Direct Manipulation, Affordances, Flow of interaction, Usability Design, Storyboarding, Narrative flow, Virtual Reality.
VEs are intended to provide three dimensional graphical representations of spaces for people to interact with. Users are enabled to freely roam through the spaces, interact with objects and other users present in the same space.
Whilst direct manipulation interfaces dynamically present 2D objects of interest, VEs provide moveable views onto 3D spaces representing places or structured objects in the attempt to create a coherent order to events and information (Kaur, 1998). Direct manipulation is concerned with allowing the user to directly act out their goals by providing them with icons which represent objects traditionally used in the real world to perform those actions (for example a paint brush icon to represent to action of painting).
Davenport & Bradley argue that we are bridging the gap between real and virtual worlds as researchers explore new forms of computer-mediated interactions among people, bits, and atoms. Designers are creating tangible user interfaces - digitallu augmented spaces, surfaces, objects, and instruments that make bits physically acessible and manipulable via graspable objects and ambient media. These interfaces emphasize visually intensive, hands-on foreground interactions and convey information subtly through our peripheral perceptions of the goings-on in the space around us. The room itself, the information that flows through it, the objects it contains, and the people engaged with it become collaborative co-actors (Davenport & Bradley, 1997, pp. 10-11).
Because of the freedom of navigation and interaction in VEs, it is difficult to predict what actions users will take, and in what order they will perform their actions. Users have been shown to struggle with finding the right order in which to perform actions, with finding their way through the environment, and navigating into precise positions (Kaur, 1997; Tromp & Snowdon, 1997, Tromp et. al.,1998b). Basically, we need to supply users with intuitively understood sequential affordances of the environment (Gaver, 1991).
Standard HCI design methods, developed for 2D interfaces, are using the notions of direct manipulation, perceptual affordances and sequential affordances to address issues of representation and user action guidance (Preece et al., 1994). Affordances are the properties of an object which determine how an object can be used (Norman, 1988). Perceptual affordances are visible controls which suggest functionality. Sequential affordances refer to the notion that acting on one perceptual affordance can lead to the perception of new information, leading to information indicating new affordances. The issue is how we can use these notions to inform the design of 3D objects and spaces for VEs.

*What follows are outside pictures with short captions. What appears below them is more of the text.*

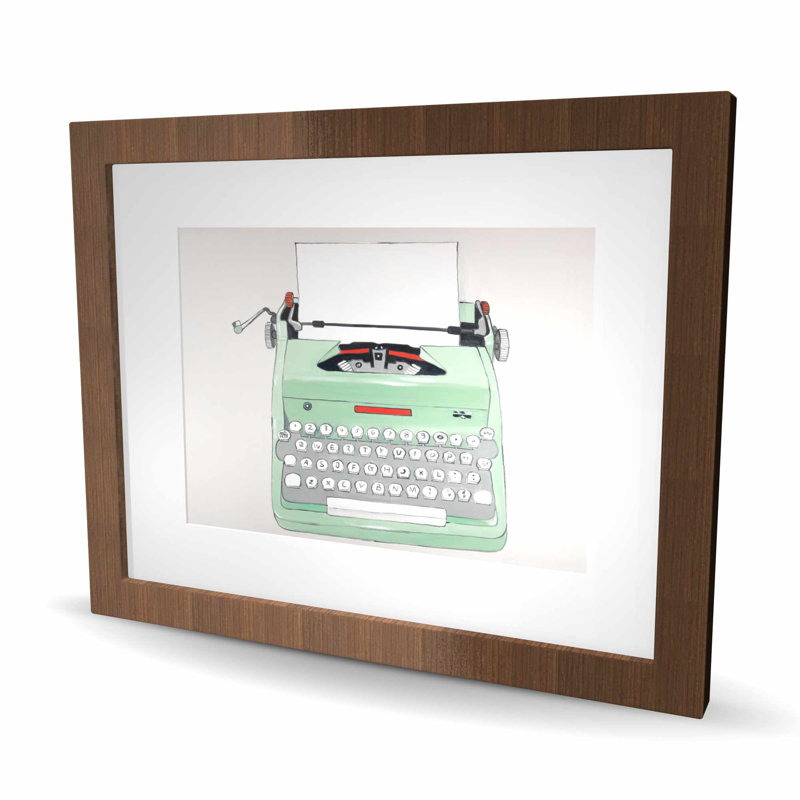 Mint Typewriter - Reproduction matte encadrée pour la décoration intérieure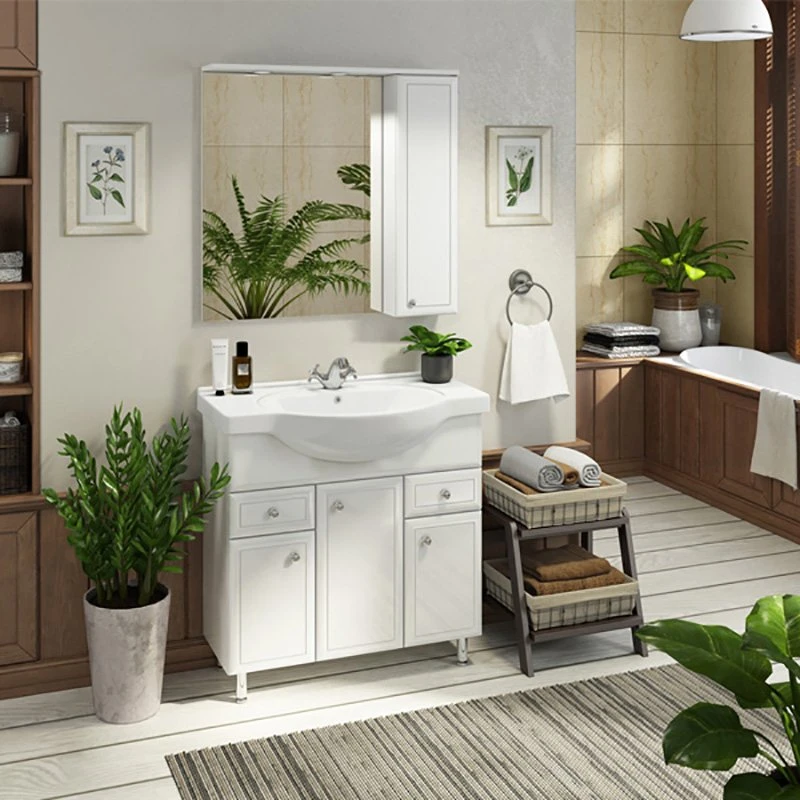 Мебель для ванной Comforty Сочи 85 с раковиной Сенеж 87, цвет белый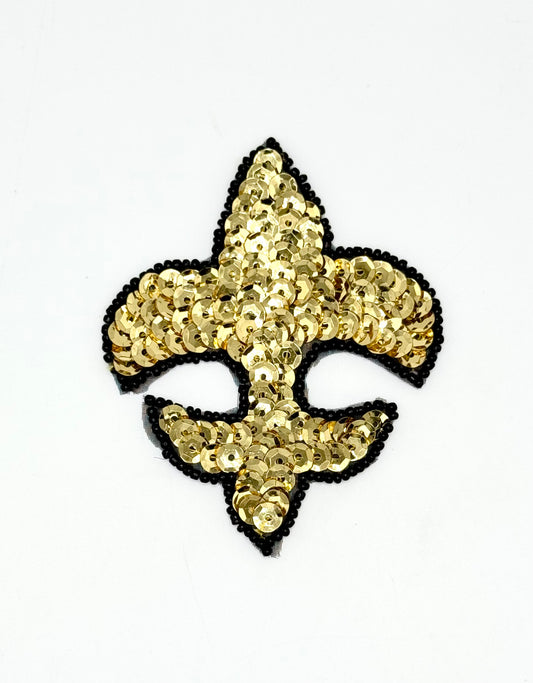 Fleur de lis with Gold Sequins and Black Beads 3.5" x 2.75"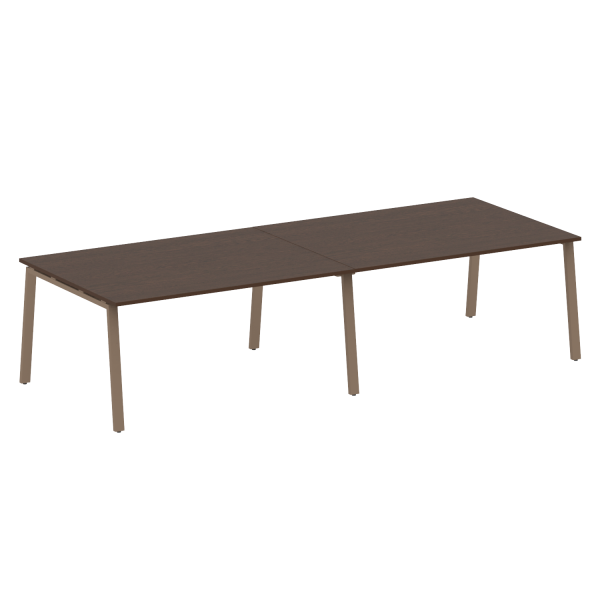 Стол для переговоров (2 столешницы) на А-образном м/к Metal System Style БА.ПРГ-2.4 3200x1235x750 (Венге Цаво/Мокко металл)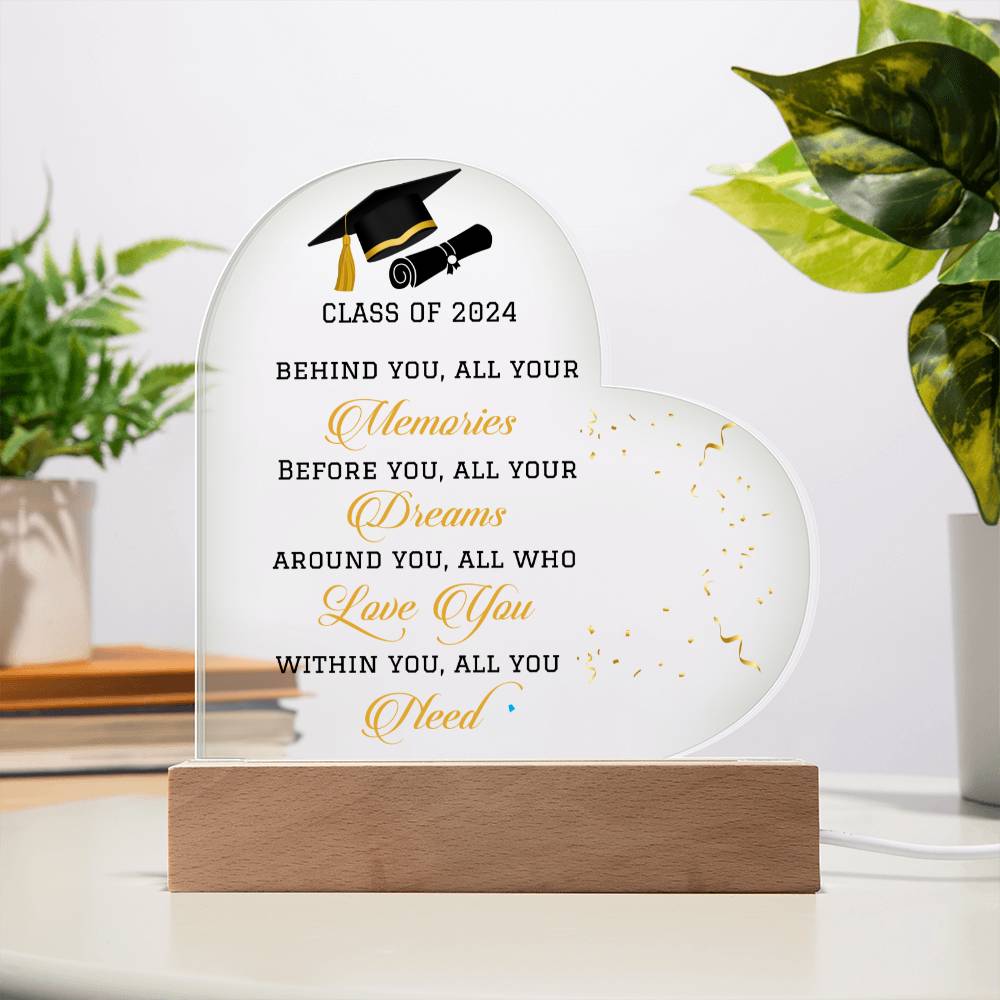 Class of 2024 LED Heart Plaque Graduation Gift-[Heartfelt Family Gift]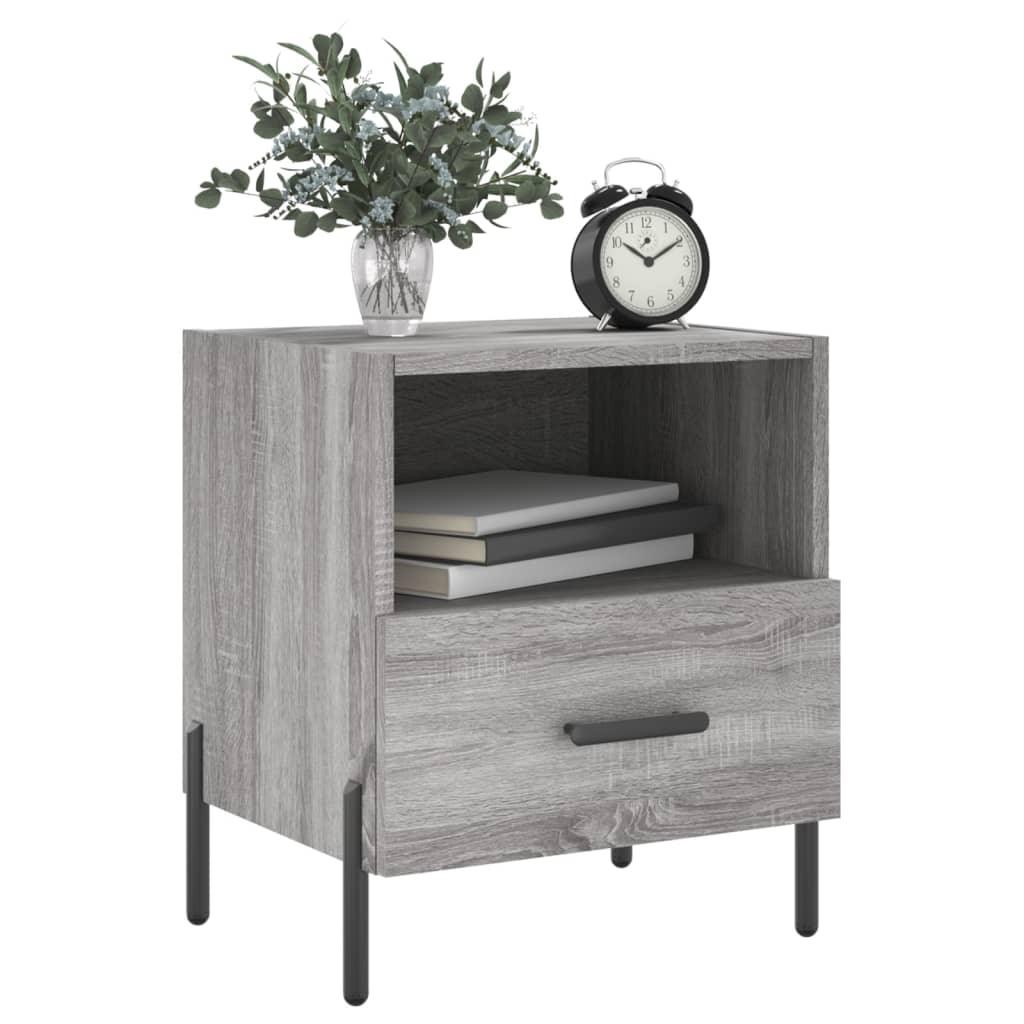 Κομοδίνο Γκρι Sonoma 40 x 35 x 47,5 εκ. από Επεξεργασμένο Ξύλο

Arnheim states that visual perception is not a passive recording of stimulus material, but an active concern of the mind. Perception involves problem solving, because everything in this world presents itself in context and is modulated by that context. When the image of an object changes, the observer must know whether the change is due to the object itself or to the context or both, otherwise he understands neither the object nor its surroundings. Intertwined though the two appear, one attempts to tease them appart, especially by watching the same object in different contexts and the same context acting on different objects. The object under observation must, then, be abstracted from its context. This can be done in two fundamentally different ways. The observer may wish to peel off the context in order to obtain the object as it is and as it behaves by itself, as though it existed in complete isolation. The observer may also wish to find out about the object by observing all the changes it undergoes and induces because of its place and function in its setting. Here the abstraction, while singling out the object, does not relinquish the effects of the context but relies on them for an indispensable part of the information. (Arnheim, 1996, pp. 36-37).
Suchman introduced the term 'situated action' to refer to the notion that every course of action depends in essential ways upon its matreial and social circumstances. Rather than attempting to abstract the action away from its circumstances and represent it as a rational plan, the approach is to study how poeple use their circumstances to achieve intelligent action. Rather than build a theory of action out of a theory of plans, the aim is to investigate how poeple produce and find evidence for plans in the course of situated action. (Suchman, 1987, p. 50). Even the specialist's skill is situationally defined. The key to being an "expert" is not "to learn everything", but to reduce the size of a "knowledge situation" until one is able to master all that is in it (Meyrowitz, 1985, p. 326).
During the COVEN Project a virtual environment has been build on top of dVS from Division Ltd. This platform provides 3D information in the general area of travel. Two Inspections (Cognitive Walkthroughs) were made of the COVEN platform (Steed et al, 1997, Tromp et al, 1998) was made to establish whether the design supported users, and if not how to improve this. Numerous remarks made by the Inspectors illustrate a certain need for guideance, which can be traced back to the lack of narrative structure in the design of the interactions. Below are few examples.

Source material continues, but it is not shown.